Grant Holder: Professor Andrew Cato
Institution: Karlsruhre Research Centre, Germany
Grant Award: £131,428 for 3 years
Project Title: Investigating new ways to treat advanced prostate cancer
Prostate cancer cells need the male sex hormone androgen to grow and multiply. The main drug treatments for this type of cancer work by blocking this effect of androgens. However, advanced prostate cancers no longer require androgens and the drugs do not work on them. Using his AICR grant Professor Cato is trying to find new ways to kill the advanced prostate cancer cells. He is using small molecules to try to stop these cancer cells growing and hopes that his results may also help treat other types of cancer.
Grant Holder: Dr David Waugh
Institution: Queens University Belfast, Northern Ireland
Grant Award: £166,828 for 3 years
Project Title: Understanding how prostate cancer spreads to the bone
When prostate cancers break away from the initial tumour, they almost always spread to the bone, which causes severe pain and fractures. Bone is a complex tissue in which the hard, mineral structure is constantly being broken down and simultaneously rebuilt. Prostate cancers do not seem to spread to bone where this process of breakdown and rebuilding has stopped. Dr Waugh has found that spreading prostate cancer cells produce a hormone-like substance called IL-8, which appears to affect the process of bone breakdown and rebuilding. Using his AICR grant he is investigating what role IL-8 plays in this process and how it affects the spread of prostate cancer. He aims to find out if blocking the breakdown and rebuilding of bone may be a way to prevent cancer from spreading there.
Grant Holder: Professor Craig Robson
Institution: University of Newcastle
Grant Award: £166,768 for 3 years
Project Title: Understanding prostate cancer at the molecular level
Prostate cancer cells normally only grow and divide in the presence of the male sex hormone androgen, which activates a protein called the androgen receptor. The main drug treatments for prostate cancer work by blocking the effect of androgens on the androgen receptor.

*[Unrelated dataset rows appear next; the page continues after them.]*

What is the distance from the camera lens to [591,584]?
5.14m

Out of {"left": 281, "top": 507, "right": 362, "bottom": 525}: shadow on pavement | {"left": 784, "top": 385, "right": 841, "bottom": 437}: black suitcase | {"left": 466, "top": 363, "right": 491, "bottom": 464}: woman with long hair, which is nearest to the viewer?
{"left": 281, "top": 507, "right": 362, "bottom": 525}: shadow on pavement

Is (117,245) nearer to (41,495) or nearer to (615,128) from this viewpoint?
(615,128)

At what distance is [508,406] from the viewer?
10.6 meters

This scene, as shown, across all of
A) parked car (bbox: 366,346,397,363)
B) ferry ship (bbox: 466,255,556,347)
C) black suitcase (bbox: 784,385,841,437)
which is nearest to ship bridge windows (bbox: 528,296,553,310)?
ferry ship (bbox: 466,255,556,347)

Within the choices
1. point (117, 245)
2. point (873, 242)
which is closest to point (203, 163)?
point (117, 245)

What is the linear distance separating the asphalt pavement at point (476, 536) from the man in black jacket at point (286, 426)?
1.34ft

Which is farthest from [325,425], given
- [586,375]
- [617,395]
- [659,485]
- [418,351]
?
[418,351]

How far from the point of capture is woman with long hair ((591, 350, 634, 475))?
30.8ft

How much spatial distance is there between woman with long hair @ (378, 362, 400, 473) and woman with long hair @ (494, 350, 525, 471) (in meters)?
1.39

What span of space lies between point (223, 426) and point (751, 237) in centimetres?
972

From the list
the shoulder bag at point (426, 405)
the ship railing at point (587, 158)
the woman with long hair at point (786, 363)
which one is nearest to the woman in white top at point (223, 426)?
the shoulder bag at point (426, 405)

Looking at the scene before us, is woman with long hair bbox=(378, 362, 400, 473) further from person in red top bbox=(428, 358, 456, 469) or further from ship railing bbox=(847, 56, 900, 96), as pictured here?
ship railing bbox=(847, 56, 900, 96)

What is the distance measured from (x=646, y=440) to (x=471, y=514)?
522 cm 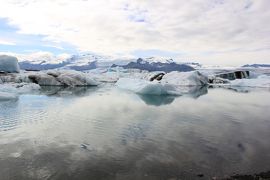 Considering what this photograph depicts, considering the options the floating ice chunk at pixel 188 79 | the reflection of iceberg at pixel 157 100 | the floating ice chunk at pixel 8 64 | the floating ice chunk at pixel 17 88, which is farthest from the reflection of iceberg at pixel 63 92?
the floating ice chunk at pixel 188 79

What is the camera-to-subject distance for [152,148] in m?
8.18

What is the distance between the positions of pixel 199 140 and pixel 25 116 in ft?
24.4

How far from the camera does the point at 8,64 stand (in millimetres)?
33062

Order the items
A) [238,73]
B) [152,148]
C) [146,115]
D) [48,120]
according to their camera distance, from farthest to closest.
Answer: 1. [238,73]
2. [146,115]
3. [48,120]
4. [152,148]

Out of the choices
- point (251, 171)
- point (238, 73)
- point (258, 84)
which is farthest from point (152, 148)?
point (238, 73)

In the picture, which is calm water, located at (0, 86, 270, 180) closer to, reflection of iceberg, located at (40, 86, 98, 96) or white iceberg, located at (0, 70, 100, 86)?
reflection of iceberg, located at (40, 86, 98, 96)

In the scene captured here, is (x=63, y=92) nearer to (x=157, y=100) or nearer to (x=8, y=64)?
(x=157, y=100)

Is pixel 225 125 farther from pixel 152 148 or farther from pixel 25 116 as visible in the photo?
pixel 25 116

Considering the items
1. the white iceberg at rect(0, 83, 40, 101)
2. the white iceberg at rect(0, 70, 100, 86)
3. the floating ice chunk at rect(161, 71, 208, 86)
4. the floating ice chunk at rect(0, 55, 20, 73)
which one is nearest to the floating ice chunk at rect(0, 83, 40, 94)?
the white iceberg at rect(0, 83, 40, 101)

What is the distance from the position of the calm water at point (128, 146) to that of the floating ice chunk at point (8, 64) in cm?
2148

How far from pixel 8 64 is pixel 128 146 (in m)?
28.9

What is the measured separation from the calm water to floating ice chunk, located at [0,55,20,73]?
846 inches

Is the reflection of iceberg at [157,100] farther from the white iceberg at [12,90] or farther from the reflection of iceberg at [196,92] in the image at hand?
the white iceberg at [12,90]

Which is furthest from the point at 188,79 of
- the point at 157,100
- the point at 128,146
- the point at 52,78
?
the point at 128,146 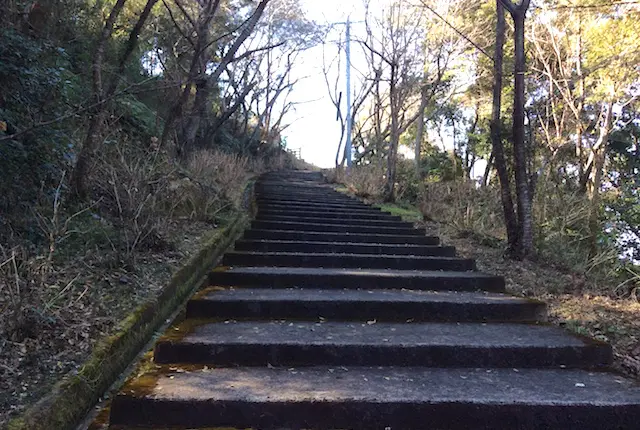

However, in advanced prostate cancer the cells become able to multiply without androgens, meaning the drugs no longer work. Professor Robson has found that the androgen receptor in these advanced cancer cells is modified, meaning it can become active without the need for androgens. Until recently it was thought that only one type of chemical modification, called phosphorylation, was important. However, there is growing evidence that an alternative modification, called methylation, is also involved. Professor Robson is going to analyse the role that histone methylation plays in altering the androgen receptor and the effect this has on the growth and multiplication of prostate cancer cells.